» Work required: From first line to last, give the records again word for word and omit the pictures.

[Start of Attachment]

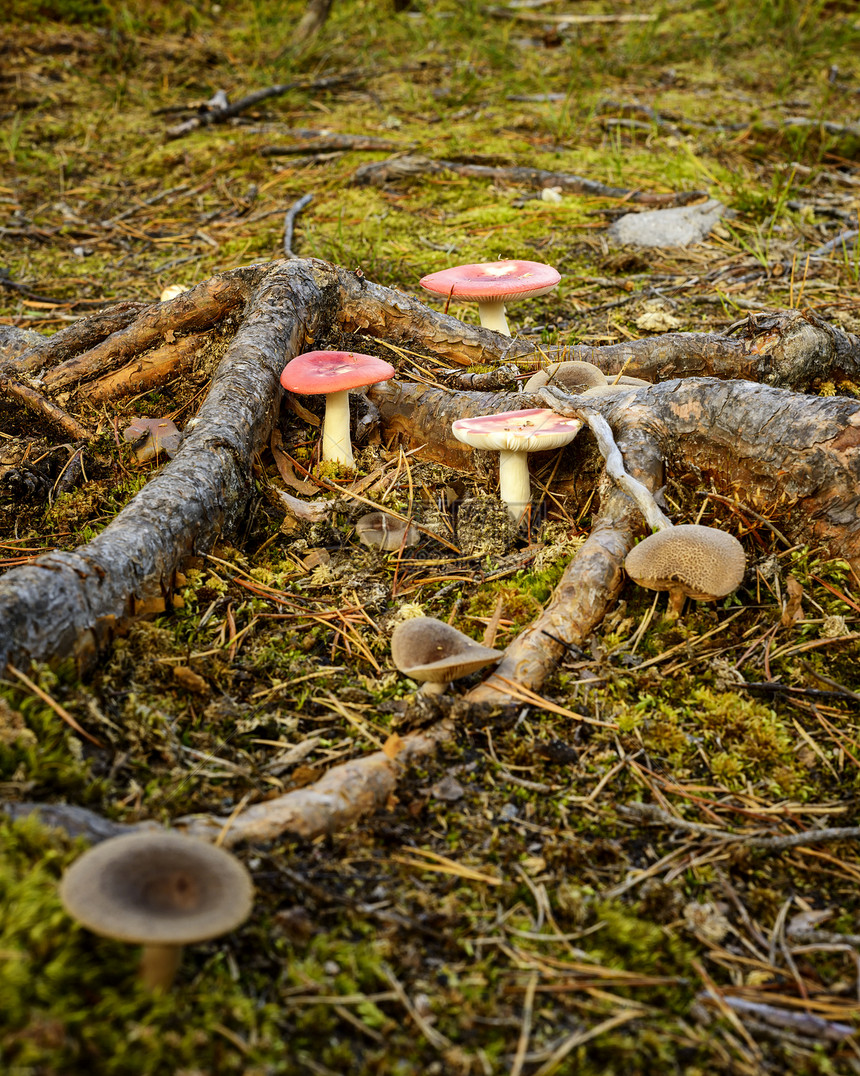 蘑菇花草工作室自然界摄影菌类图片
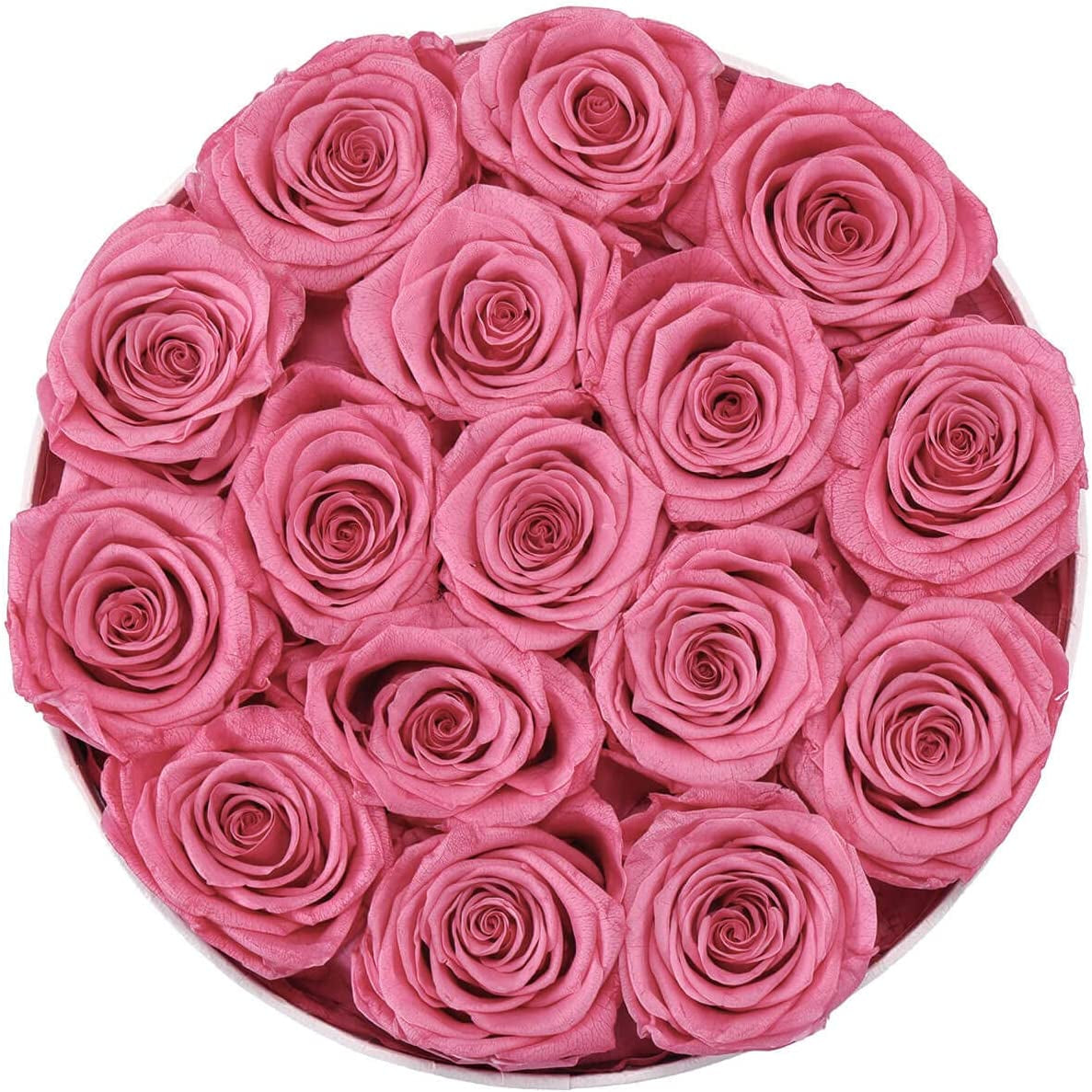 16-Piece Forever Flowers Preserved Rose in a Box Real Roses That Last a Year Preserved Flowers for Delivery Prime Mothers Day Valentines Day Christmas Day (Pink Roses, round White Box)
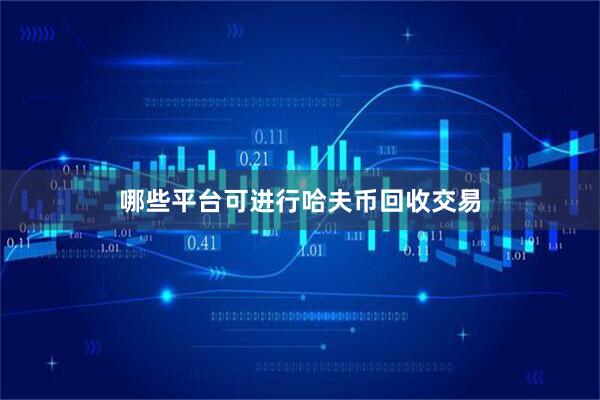哪些平台可进行哈夫币回收交易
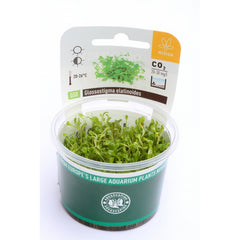 Glossostigma elatinoides In-Vitro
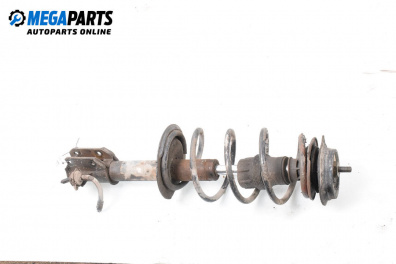 Macpherson shock absorber for Fiat Punto Hatchback II (09.1999 - 07.2012), hatchback, position: front - right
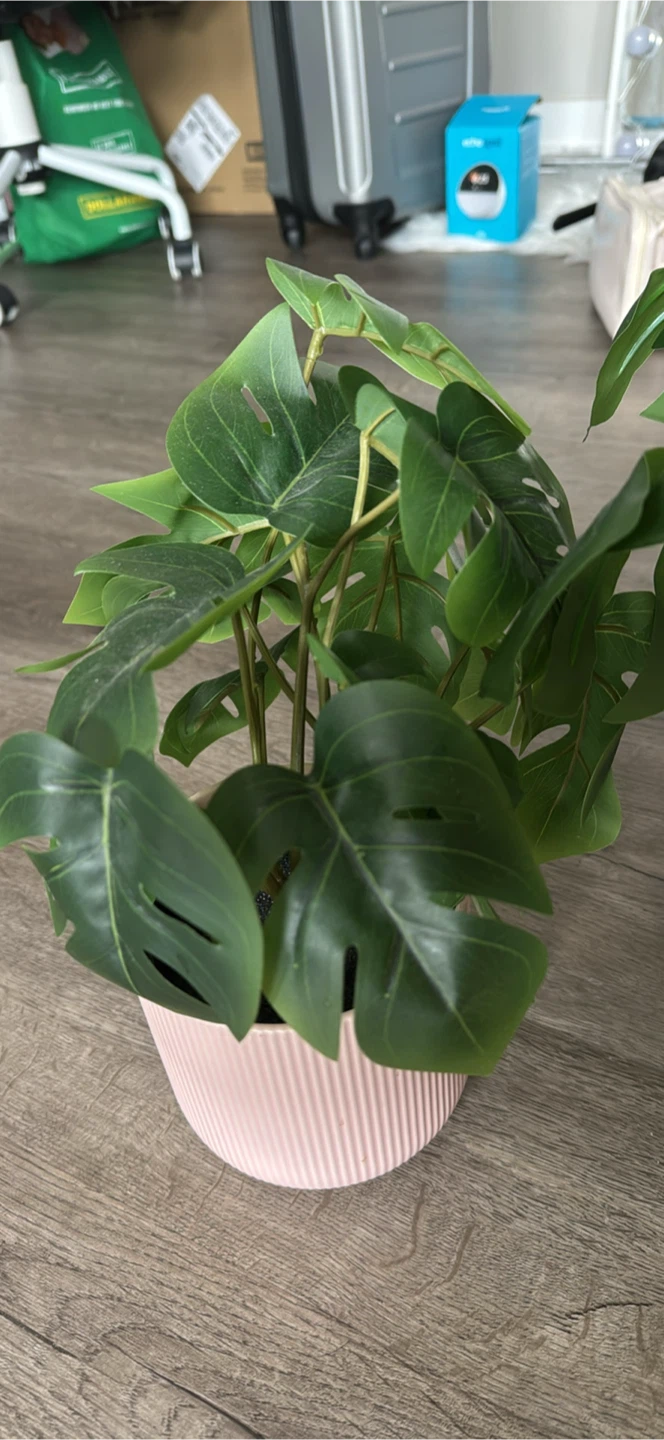 Artificial plants - photo 2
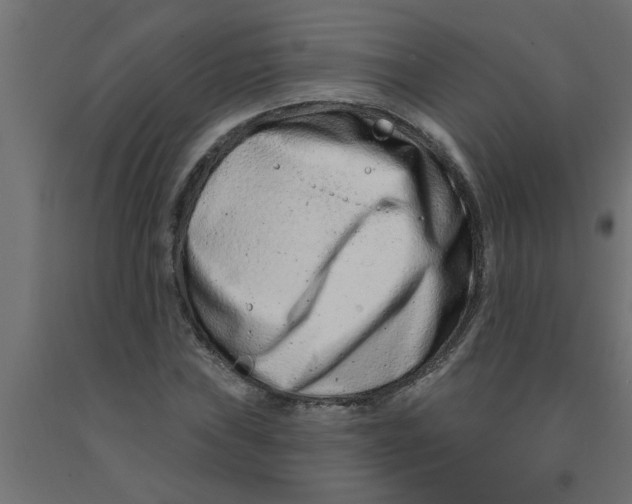 X0000090871019200708241916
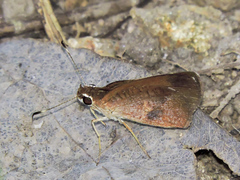 Synapte silna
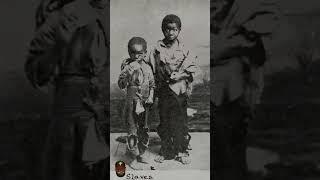 Life Of Slave Children On Plantations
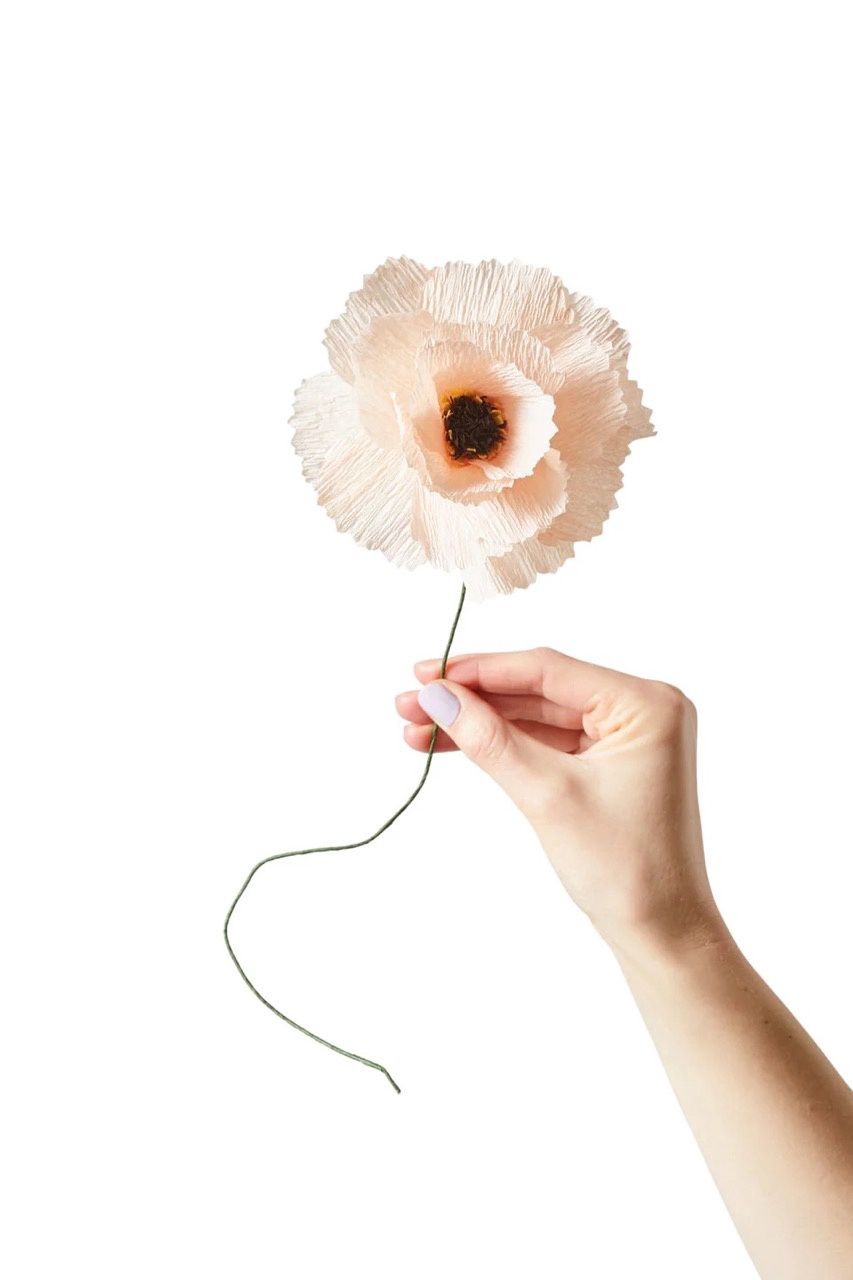Studio About · Paper flower peony nude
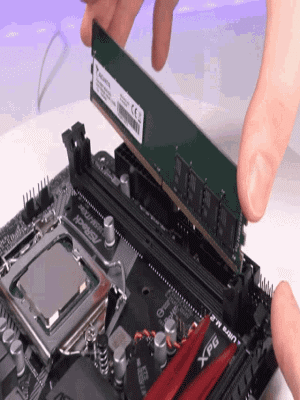 gif1.gif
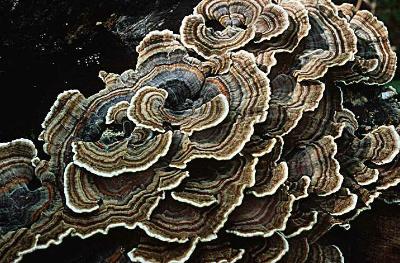 You're missing a beautiful Trametes versicolor picture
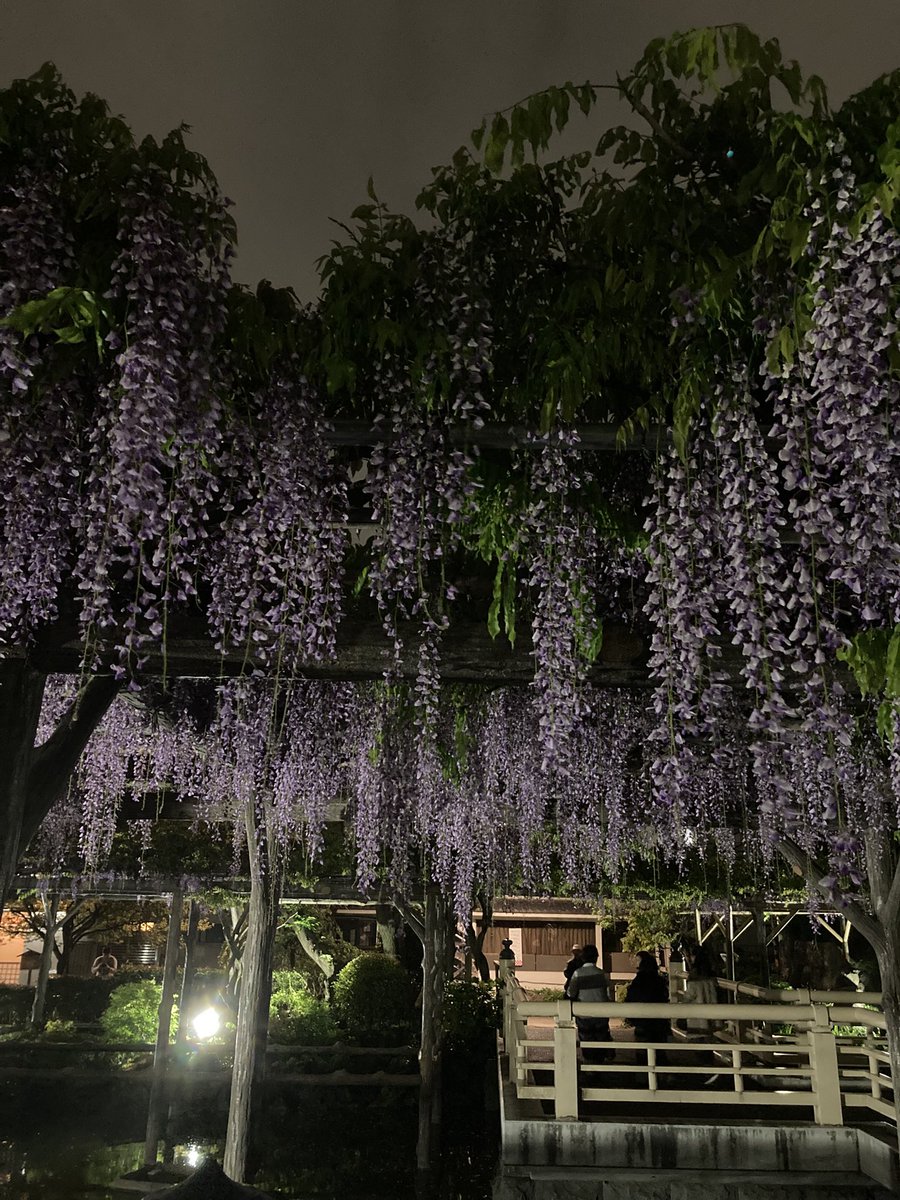夜に見る藤の花も幻想的で良いですね。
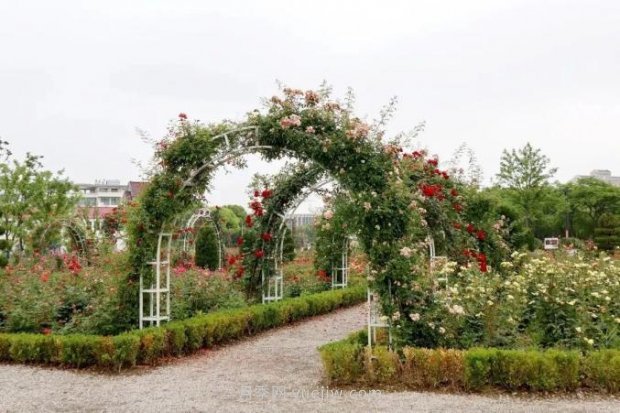 上海閔行區(qū)花好月園公園，萬株月季怒放快來品(圖6)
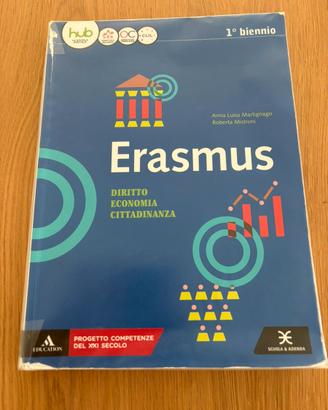 Erasmus diritto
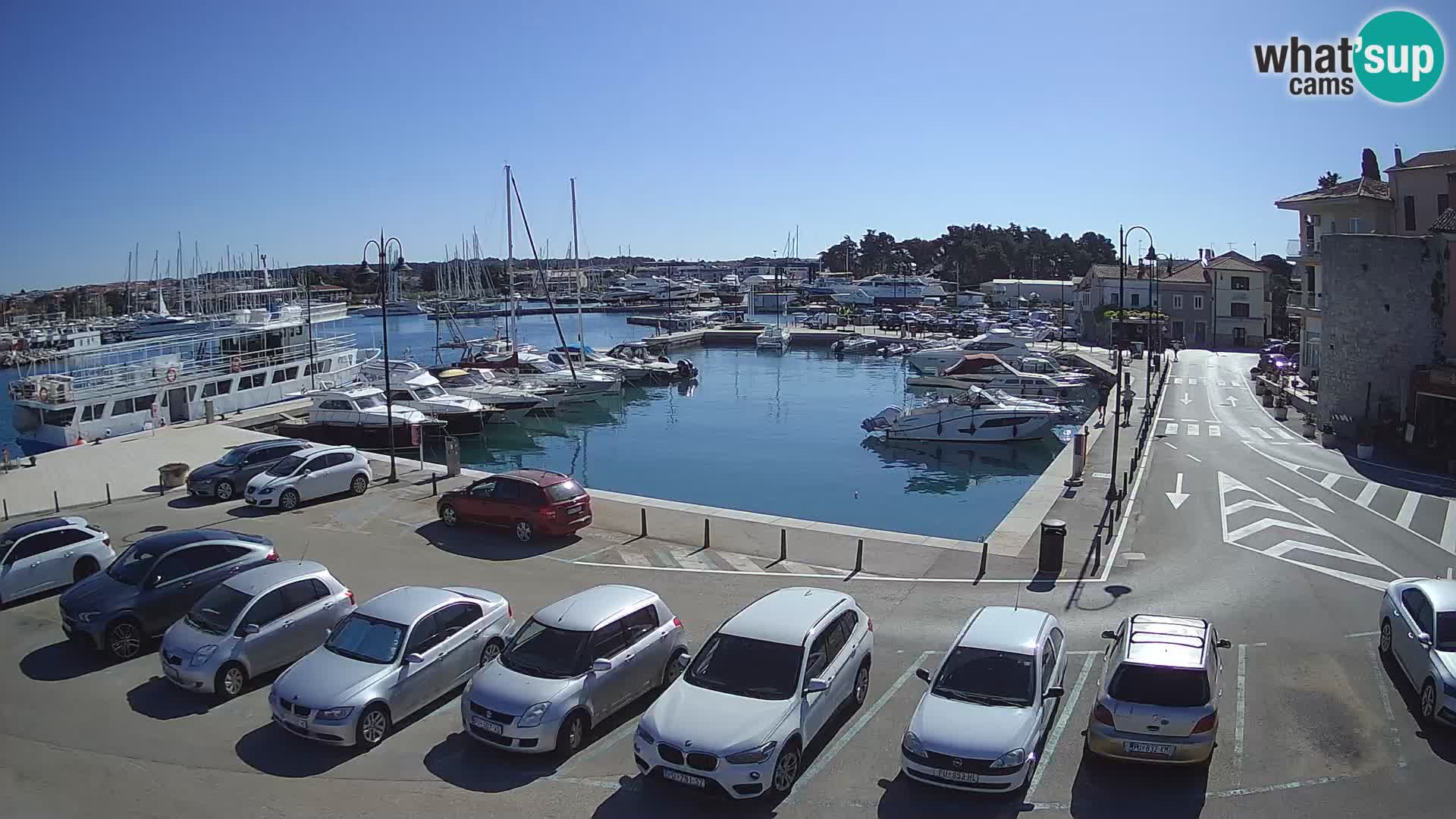 Novigrad | Porporela marina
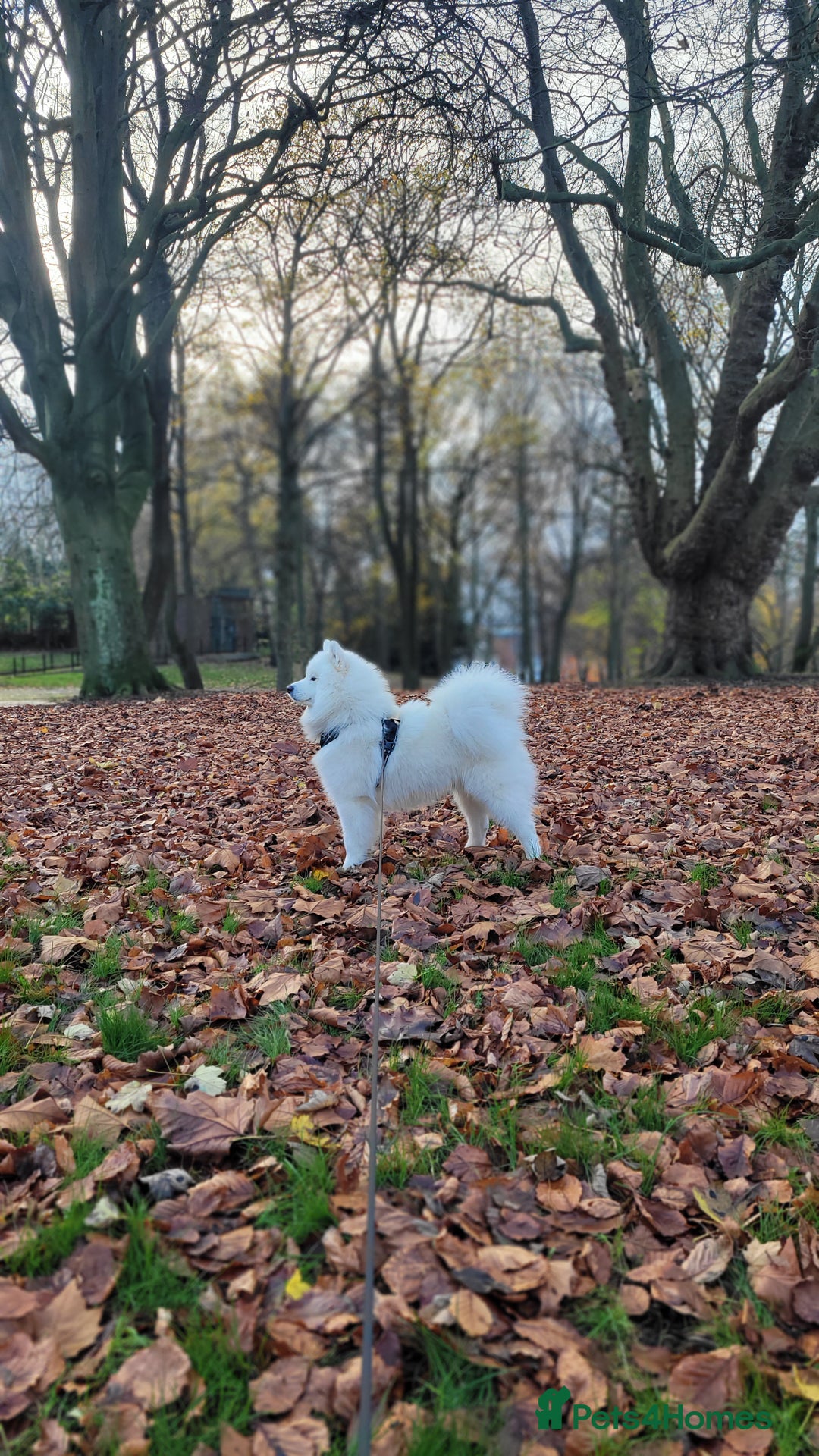 Samoyed dogs for stud: *KC*Beautiful Samoyed For Stud {PROVEN} in Walsall - Image 8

[End of Attachment]

» Task response:
 蘑菇花草工作室自然界摄影菌类图片
 16-Piece Forever Flowers Preserved Rose in a Box Real Roses That Last a Year Preserved Flowers for Delivery Prime Mothers Day Valentines Day Christmas Day (Pink Roses, round White Box)
哪些平台可进行哈夫币回收交易
 Glossostigma elatinoides In-Vitro
 Macpherson shock absorber for Fiat Punto Hatchback II (09.1999 - 07.2012), hatchback, position: front - right
 Artificial plants - photo 2
 X0000090871019200708241916
 Synapte silna
 Life Of Slave Children On Plantations
Studio About · Paper flower peony nude
 gif1.gif
 You're missing a beautiful Trametes versicolor picture
夜に見る藤の花も幻想的で良いですね。
 上海閔行區(qū)花好月園公園，萬株月季怒放快來品(圖6)
 Erasmus diritto
 Novigrad | Porporela marina
 Samoyed dogs for stud: *KC*Beautiful Samoyed For Stud {PROVEN} in Walsall - Image 8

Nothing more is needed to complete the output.